ASTEROID
Dinosaur asteroid thought to be smaller
Associated Press
A UH doctoral student has determined that the asteroid believed to have wiped out the dinosaurs 65 million years ago was much smaller than thought.
Francois Paquay says the asteroid considered responsible for the Chicxulub Crater under Mexico's Yucatan Peninsula was only about half as big of the previous estimate of 9.3 to 12 miles in diameter. The study, reported in the journal Science, says the asteroid was 2.5 to 3.7 miles in diameter.
Paquay used a different method to determine the size of meteorites that have hit the Earth. He relied on osmium isotopes in ocean sediments.
Osmium is found in high concentrations in meteorites.

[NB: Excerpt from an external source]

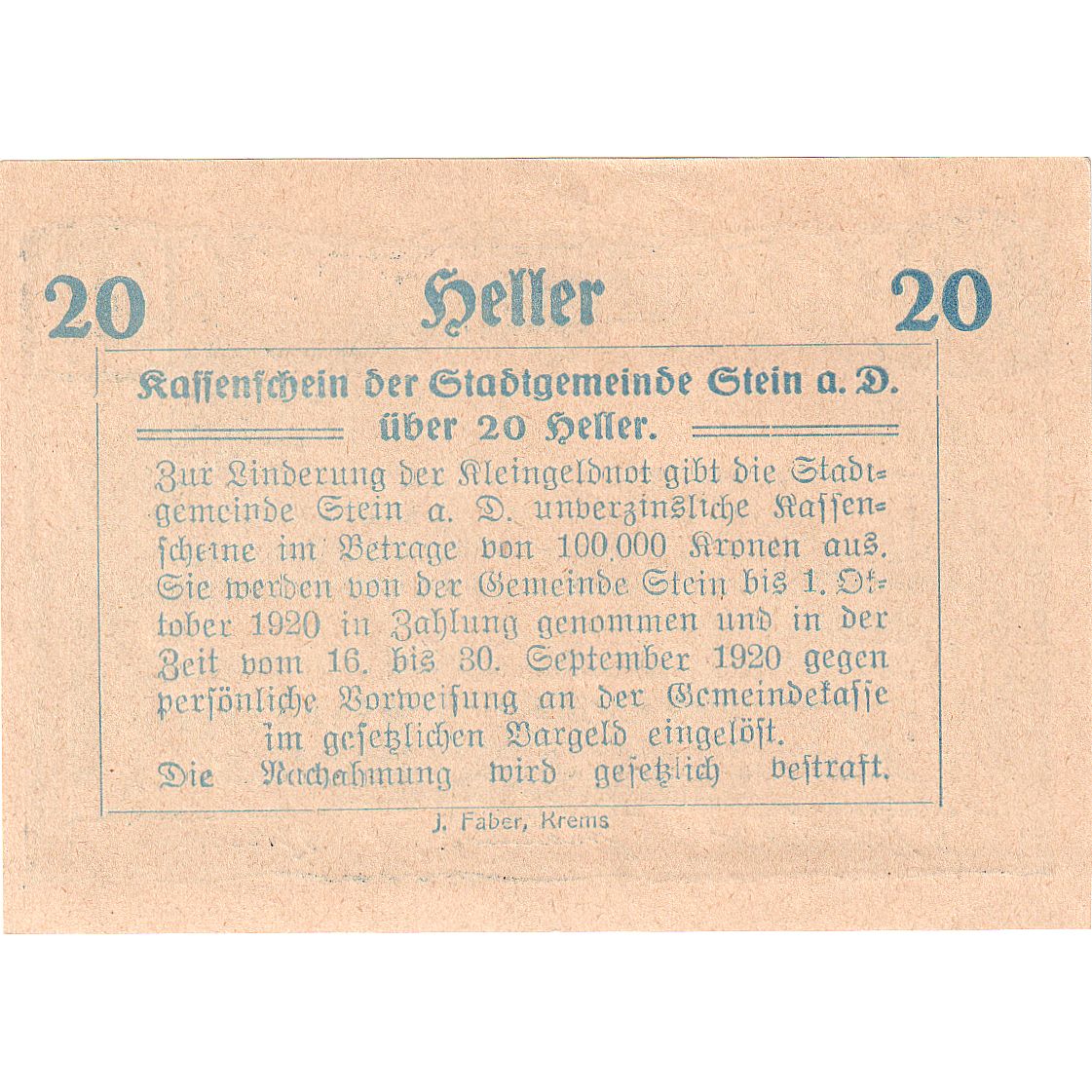 Banknote, Austria, Stein a/d Donau, 20 Heller paysage, 1920 UNC(63) Mehl:1015I.2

When a meteorite hits the Earth, it vaporizes, and everything in the vapor falls onto the land and sea, he said.
During the impact events he studied, Paquay said osmium levels spiked. "Based on this, you know using simple math what was the size of the impactor," he said.

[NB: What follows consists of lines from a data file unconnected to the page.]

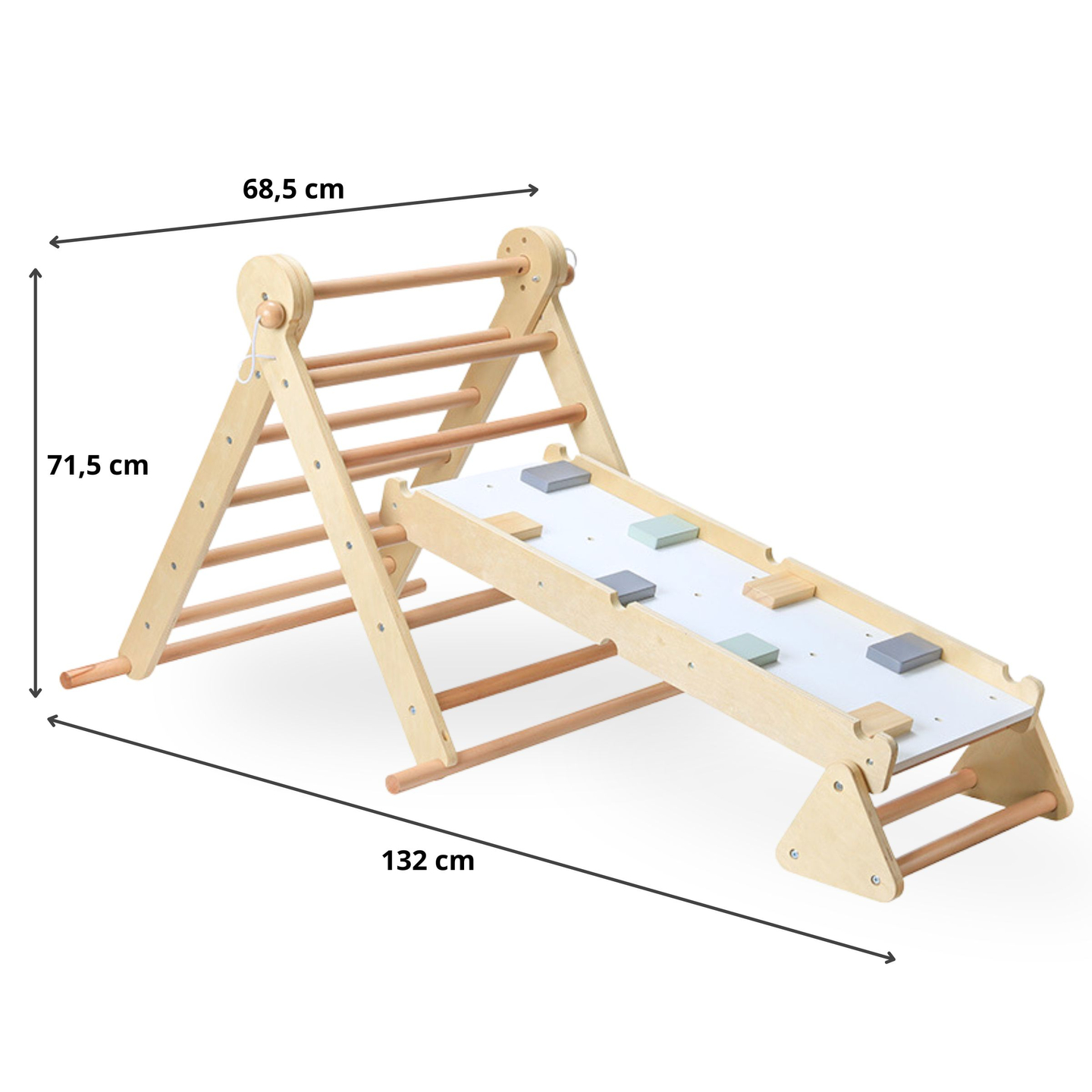 Aire de jeux en bois pour enfants - échelle + mur d'escalade + poutre d'équilibre - triangle de Pikler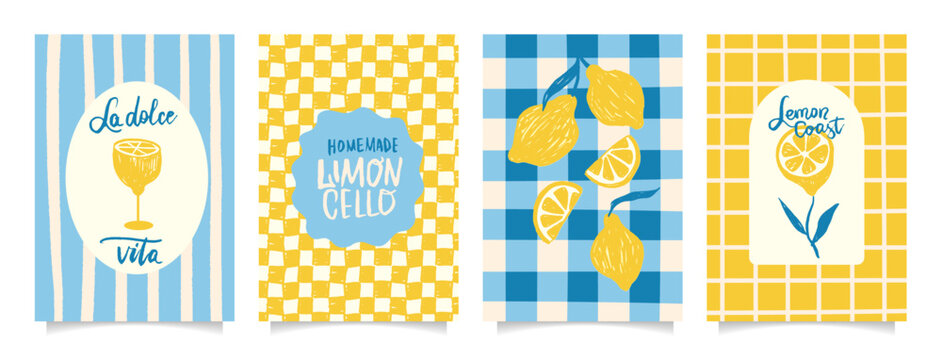 Hand drawn Amalfi lemon poster set with La Dolce Vita cocktails, homemade limoncello, checkered tablecloths and Lemon Coast typography, rustic Mediterranean summer cards for kitchen decor, travel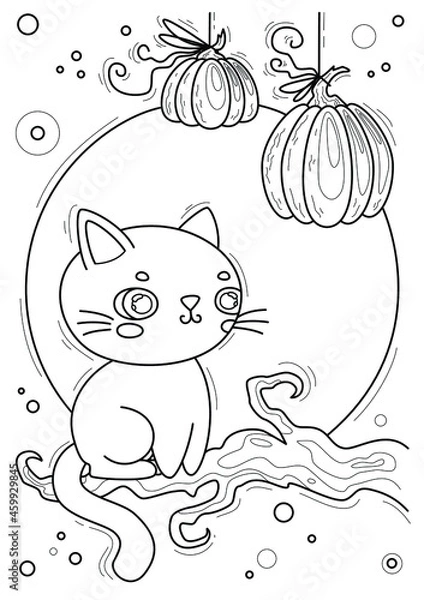Obraz Coloring page with cat and moon, hand-drawn vector illustration.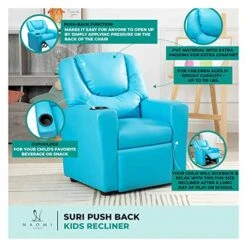 Naomi Home Kids Recliner Chair With Footrest & 2 Cup Holders, Push Back Toddler Recliner With Cup Holder, Microfiber Kids' Recliners For Age 3+, Kid Recliners For Girls Boys (Basic, Navy) -Best Furniture Store 51xkEq86W6L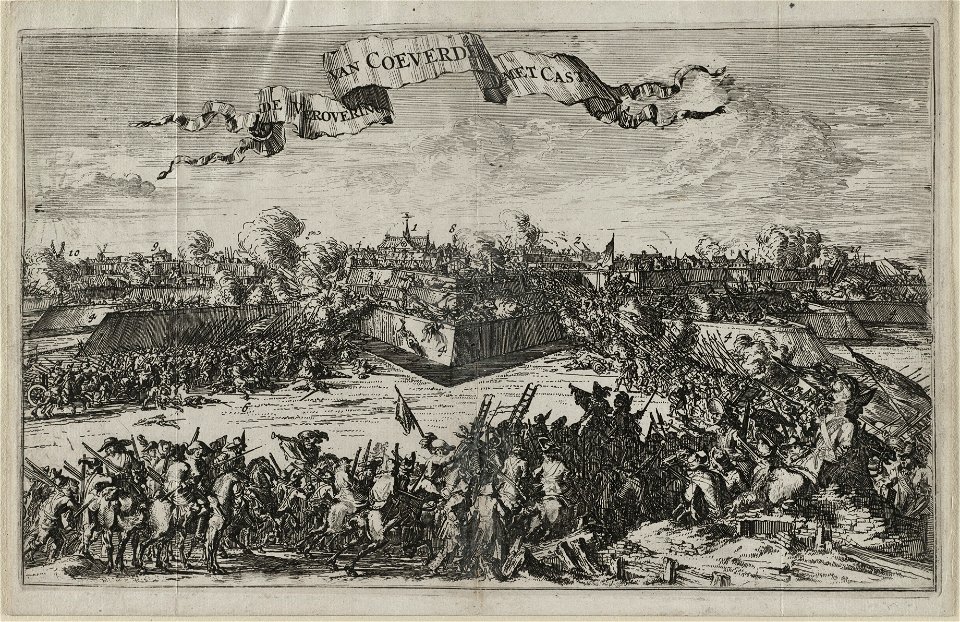 Voorstelling van de verovering van Coevorden op 30 december 1672 door de troepen onder leiding van Karl Rabenhaupt op de troepen van de bisschop van Munster. NL-HlmNHA 53009033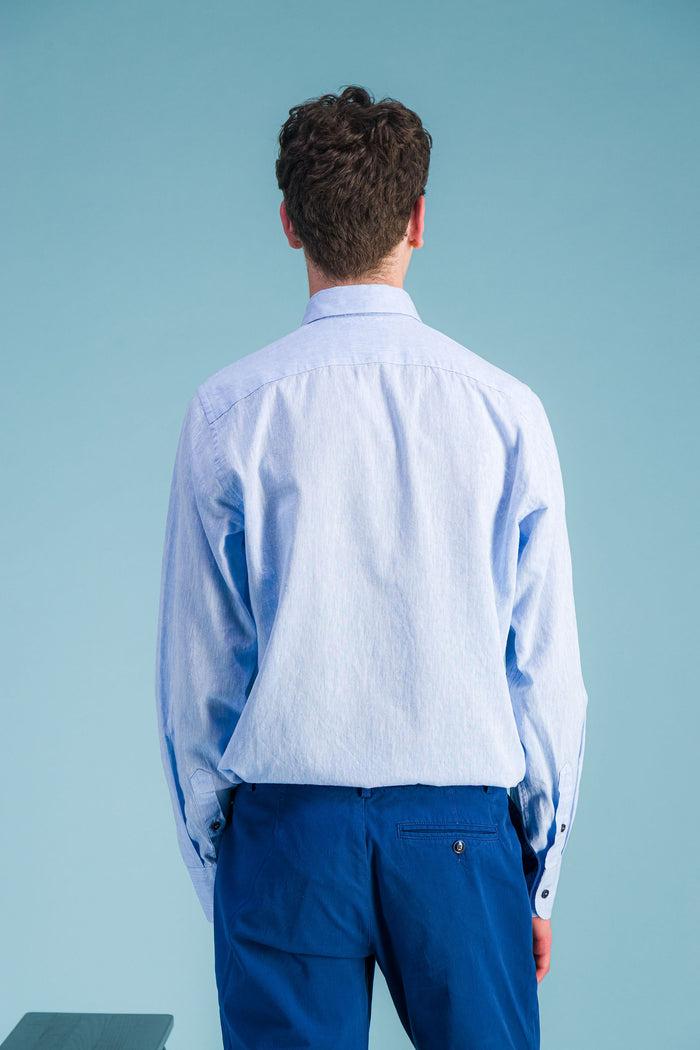 Jagvi Chemise Lin Bleu Ciel Chiné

Paquay's adviser Gregory Ravizza said the previous measurement method relied on the element iridium and was labor intensive. Paquay's team analyzed more than 130 samples from two Ocean Drilling Program sites: one in the equatorial Pacific and the other off the tip of South Africa.
They looked at two geologic time periods and studied the deep ocean sediments during and after the impacts.

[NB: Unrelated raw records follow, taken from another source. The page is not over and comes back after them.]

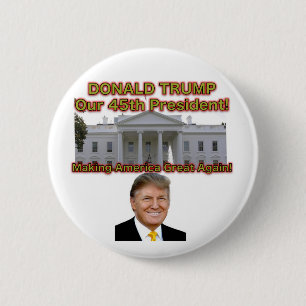 Bóton Redondo 5.08cm Donald Trump nosso 45th botão do presidente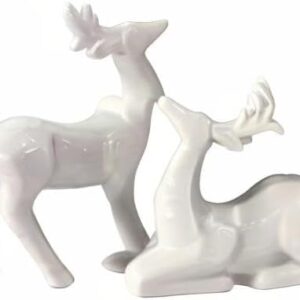 1524 – Lot de 2 Figurines de Renne de Noël en Porcelaine neuves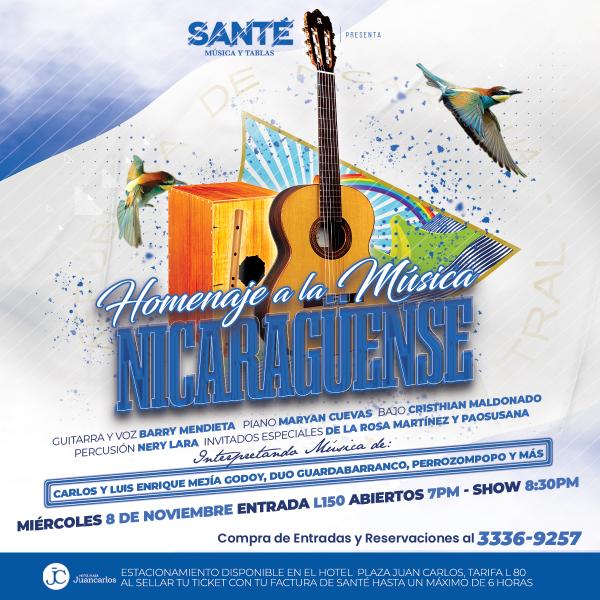 🎙️MIÉRCOLES PARA RENDIRLE HOMENAJE A LOS GRANDES CANTAUTORES NICARAGUENSES 🇳🇮 #VeniteASanté este miércoles 8 de noviembre para que nos deleitemos con la música del hermano país centroamericano, una noche donde disfrutaremos éxitos de reconocidos artistas nicaragüenses: Carlos Mejía Godoy, Luis Enrique Mejía, Dúo Guardabarranco, Perrozompopo y otros más, interpretado por: Barry Mendieta 🎙🎸 Voz y Guitarra Maryan Cuevas 🎹 Piano Cristhian Maldonado 🎸 Bajo "Chino" Nery Lara 🪘 Percusiones De La Rosa Martí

"These events are fascinating to me because of their magnitude," Ravizza said. "They represent huge explosions."
A giant meteorite is one of several theories, including global warming, advanced for the disappearance of the dinosaurs and other species.
Tarun Dalai of the Indian Institute of Technology and Bernhard Peucker-Ehrenbrink of Woods Hole Oceanographic Institute collaborated with Paquay on the study.